Creating a WebSocket-based voice agent via the Realtime API

Written by

Updated at November 12, 2025

User-agent interaction diagram
Getting started
Create a voice agent

Realtime API is an event-driven AI Studio interface for real-time voice interaction between the server and the client over a WebSocket transport.

With Realtime API, you can create a voice agent that will analyze the audio stream from the microphone in real time, provide voice requests for processing to the speech-realtime-250923 model, collect the model's response, and play it through the speakers.

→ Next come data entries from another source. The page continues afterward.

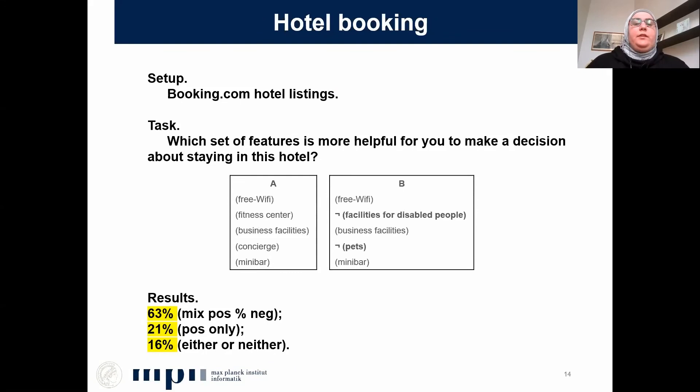We repeated the same experiment on a decision-making task. We collected structured features about 50 US hotels from booking.com and applied our statistical inference method to infer negative features about each hotel. We then asked users: if they were to decide whether to stay in this hotel or not, which set of features would be more helpful for making that decision.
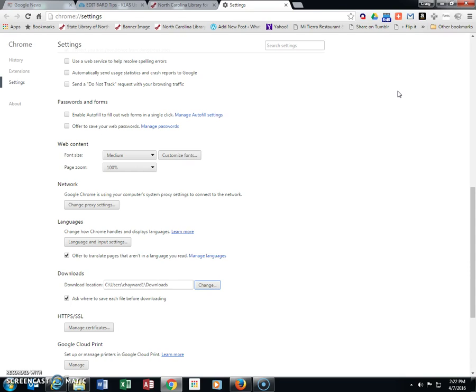This may prove useful in finding your downloads. Now let's say you don't know where things are going or you're not sure where to look. The way to find that is to go back to the Menu.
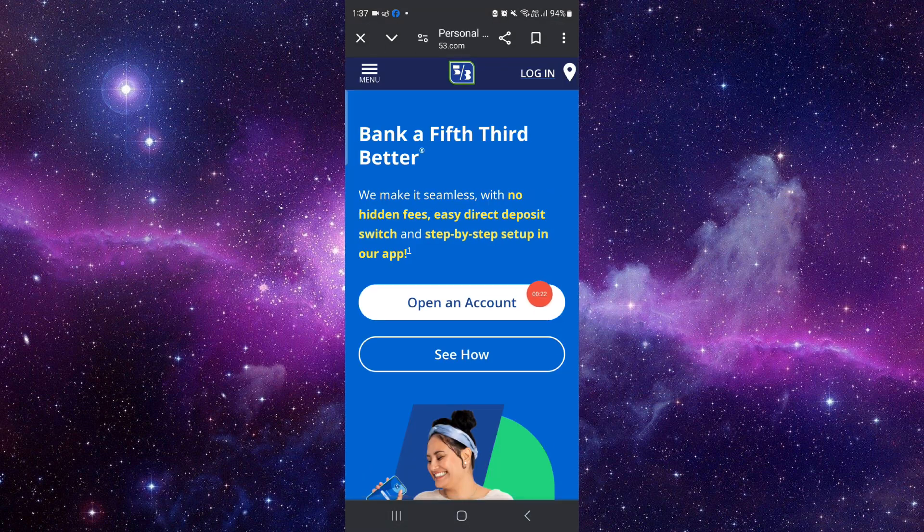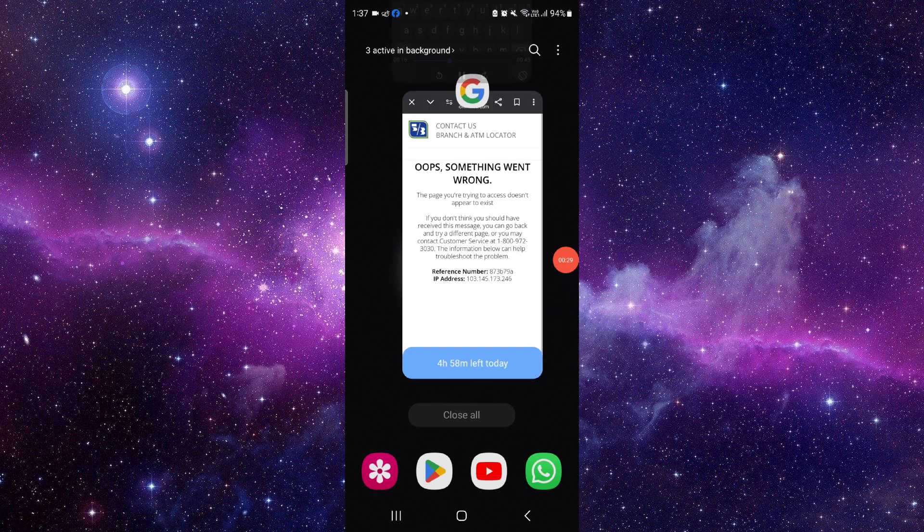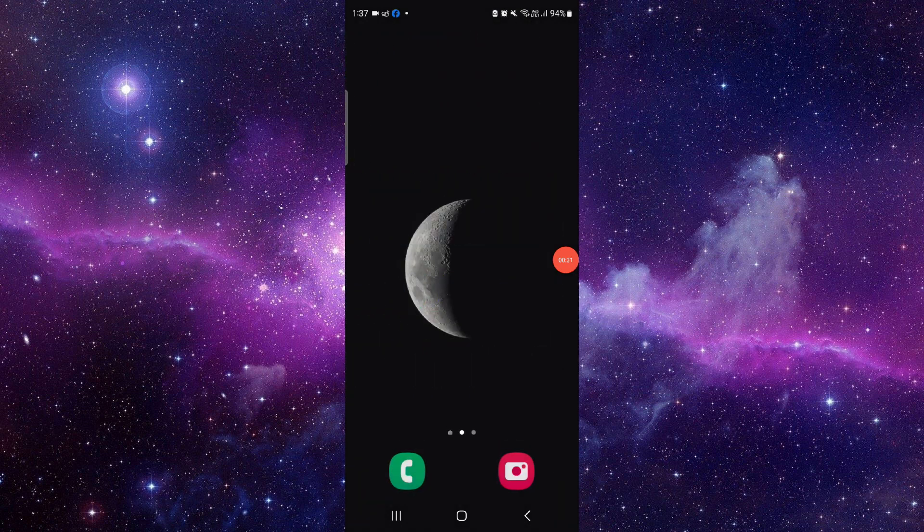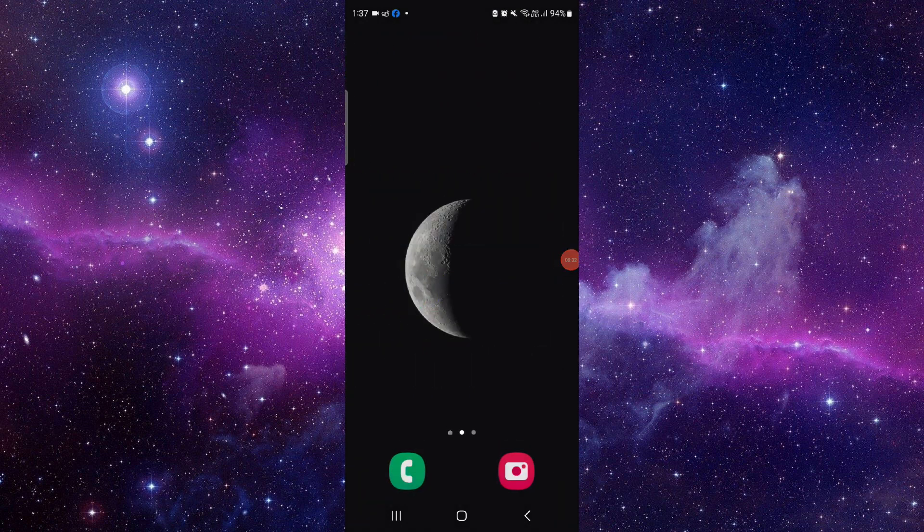Then here you can click on this 'Open an Account' and then from here you can enroll and then it will be done. So this is how to enroll into the Fifth Third Bank.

The model can invoke various tools to process user requests. The response to the request is returned both as synthesized speech and in text format.

User-agent interaction diagram

In the example below, the user interacts with the agent as follows:

The user pronounces a request, the microphone records the stream, and the uplink() function sends audio fragments to the agent.
The server (speech-realtime-250923) detects episodes of silence (VAD) and returns recognized text in the conversation.item.input_audio_transcription.completed event. The agent logs the resulting text.
The model generates a response (response.created) and starts returning text deltas (response.output_text.delta) and audio deltas (response.output_audio.delta).
The downlink() function takes the text of response to the screen and plays back the audio via AudioOut.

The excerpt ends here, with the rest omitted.